#### Brief descriptive captions:
——————————

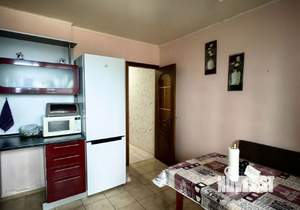 3-к квартира, вторичка, 81м2, 9/9 этаж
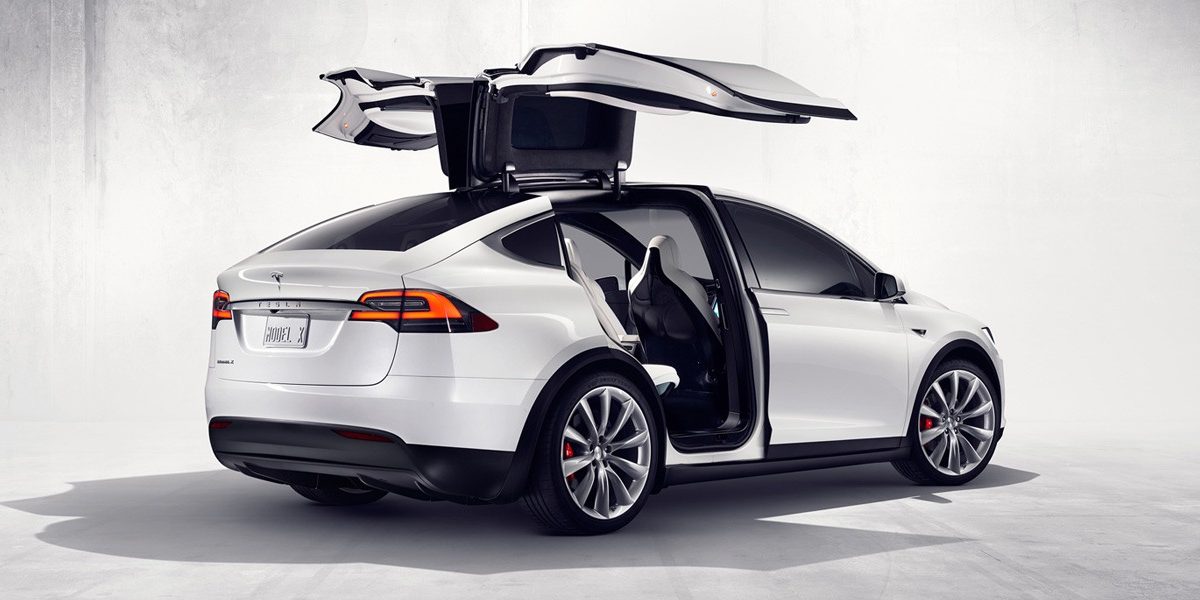 Tesla Model X – 120 000 km i 24 razy w serwisie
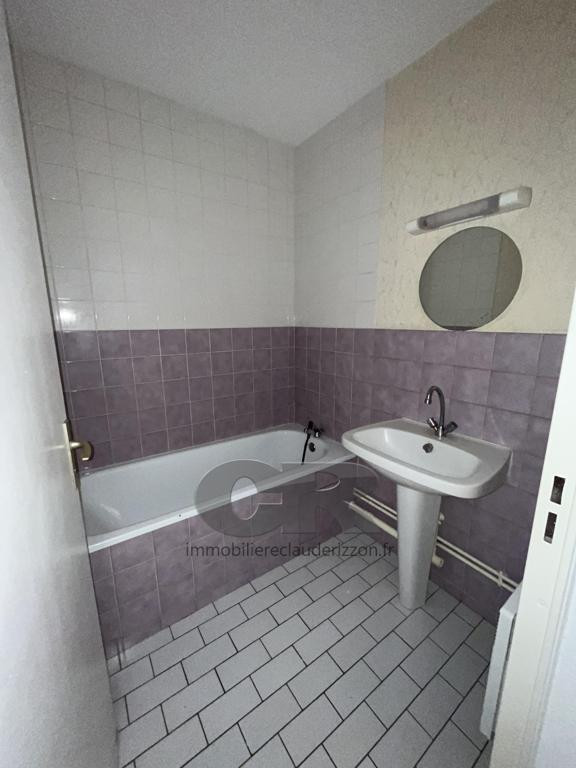 
                                                Location
                                                 2 pièces - Hopital central/Place des Vosges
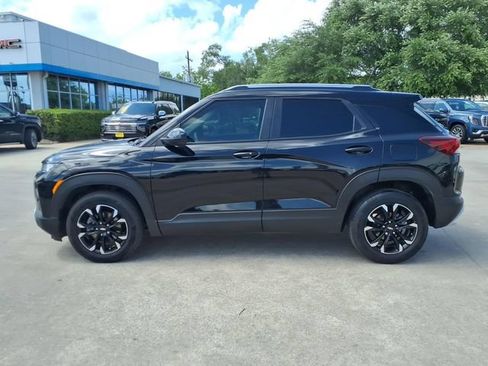 Used 2023 Chevrolet TrailBlazer LT w/ Convenience Package FWD image 8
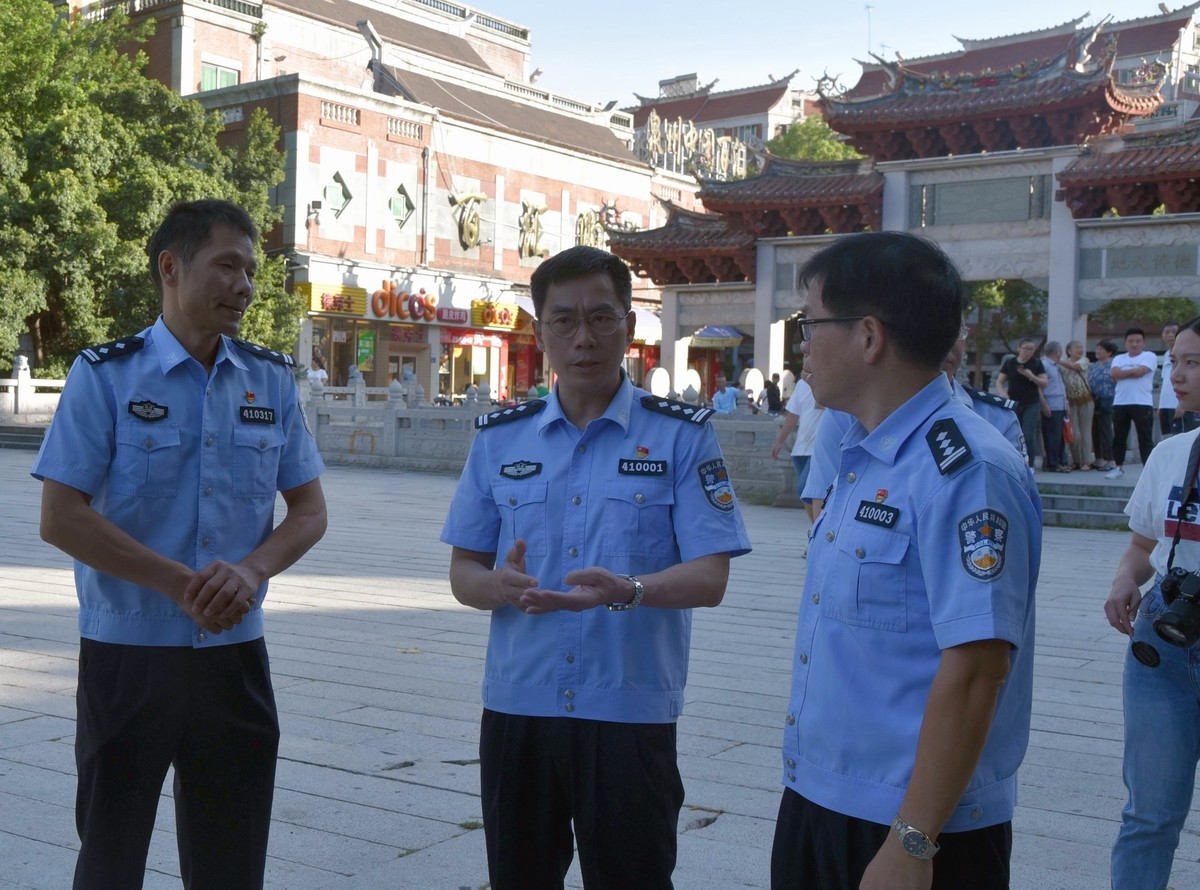 泉州||鯉城巡特警反恐大隊(duì)加強(qiáng)國(guó)慶70周年安保期間社會(huì)治安巡邏防控工作(圖1) 泉州||鯉城巡特警反恐大隊(duì)加強(qiáng)國(guó)慶70周年安保期間社會(huì)治安巡邏防控工作(圖1)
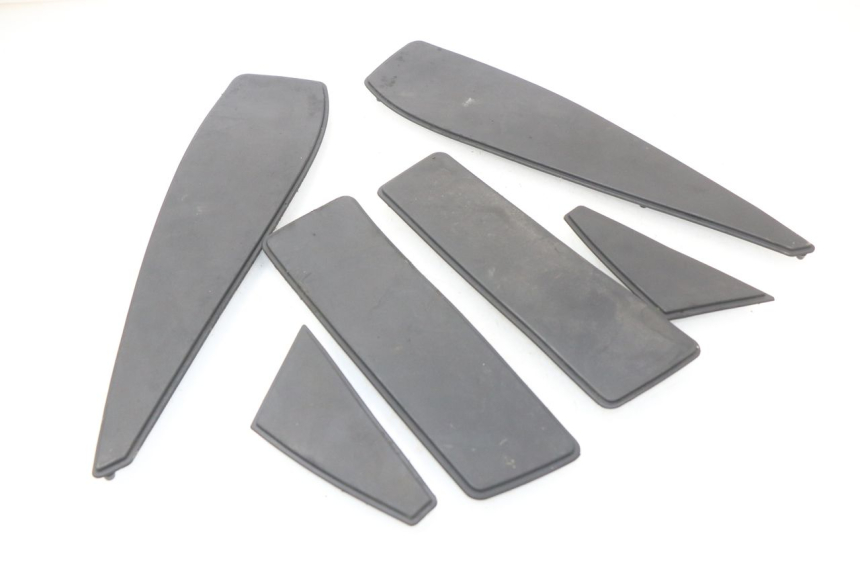 photo de TAPIS MARCHE PIED PEUGEOT SATELIS 125 (2010 - 2012)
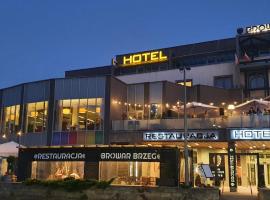 Park Hotel & Restauracja Browar Brzeg，位于布热格Brzeg Castle附近的酒店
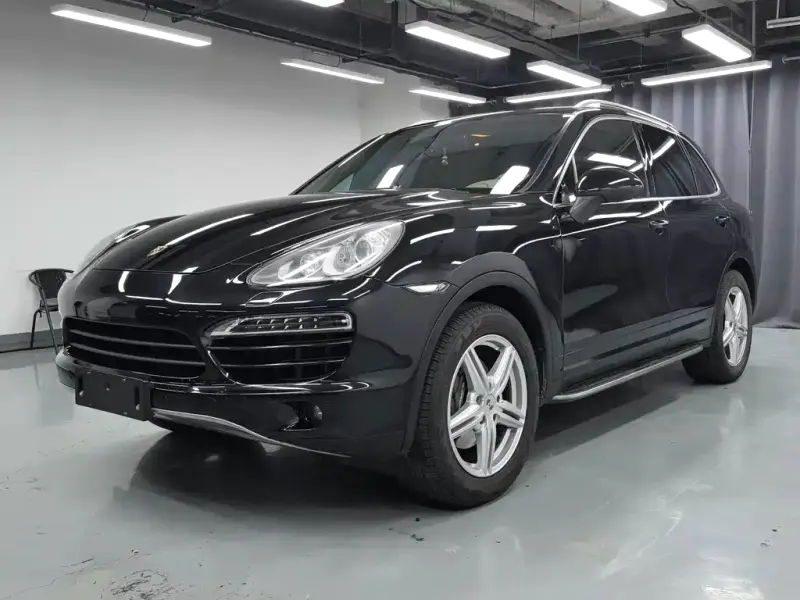 Porsche Cayenne, 2013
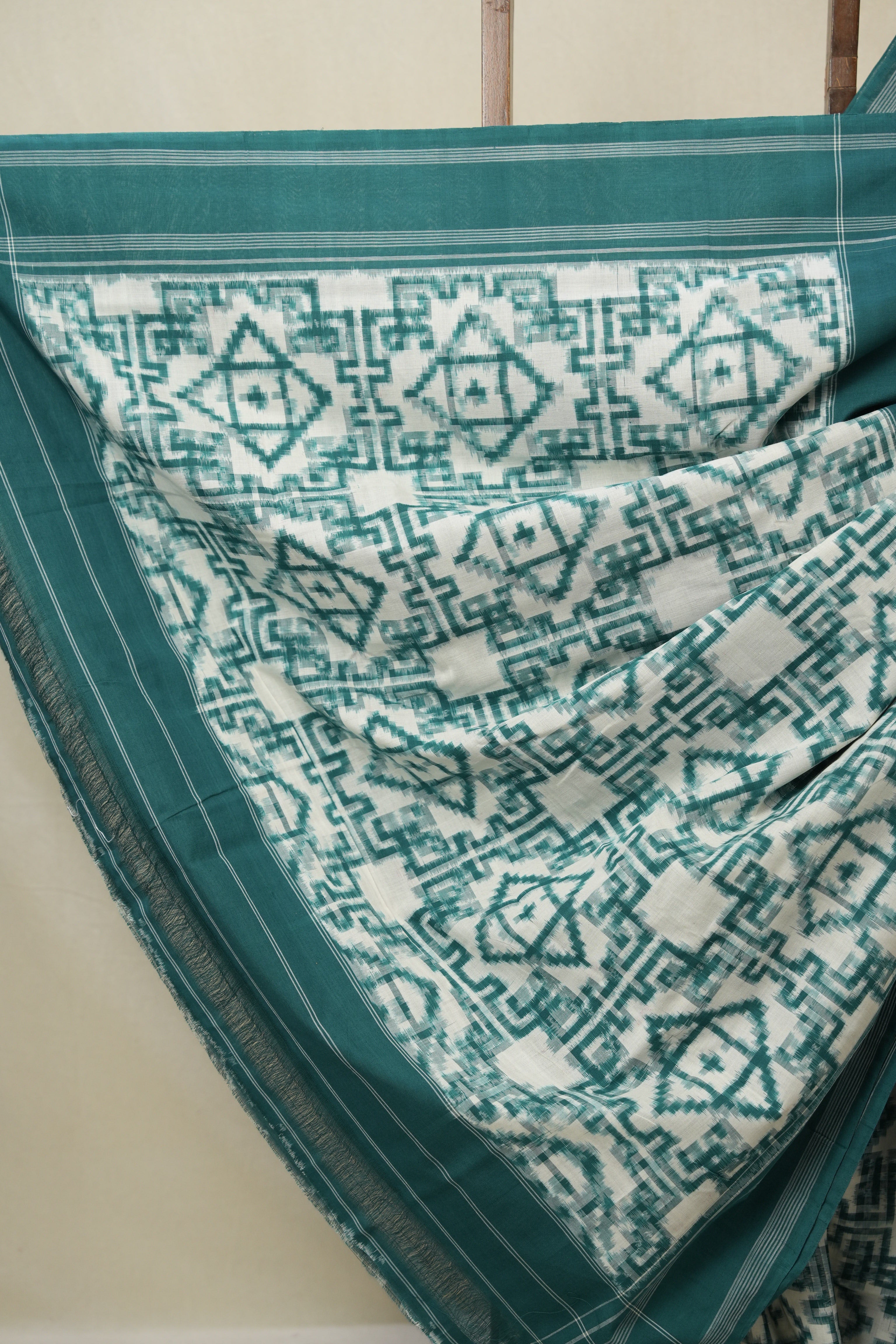 White  Pochampalli Cotton Ikat Saree - SRWPCIS698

——————————

In the copy you write, the data above must appear exactly, with no pictures.

#### Task result:
 3-к квартира, вторичка, 81м2, 9/9 этаж
 Tesla Model X – 120 000 km i 24 razy w serwisie
                                                Location
                                                 2 pièces - Hopital central/Place des Vosges
 Used 2023 Chevrolet TrailBlazer LT w/ Convenience Package FWD image 8
 泉州||鯉城巡特警反恐大隊(duì)加強(qiáng)國(guó)慶70周年安保期間社會(huì)治安巡邏防控工作(圖1) 泉州||鯉城巡特警反恐大隊(duì)加強(qiáng)國(guó)慶70周年安保期間社會(huì)治安巡邏防控工作(圖1)
 photo de TAPIS MARCHE PIED PEUGEOT SATELIS 125 (2010 - 2012)
 Park Hotel & Restauracja Browar Brzeg，位于布热格Brzeg Castle附近的酒店
 Porsche Cayenne, 2013
 White  Pochampalli Cotton Ikat Saree - SRWPCIS698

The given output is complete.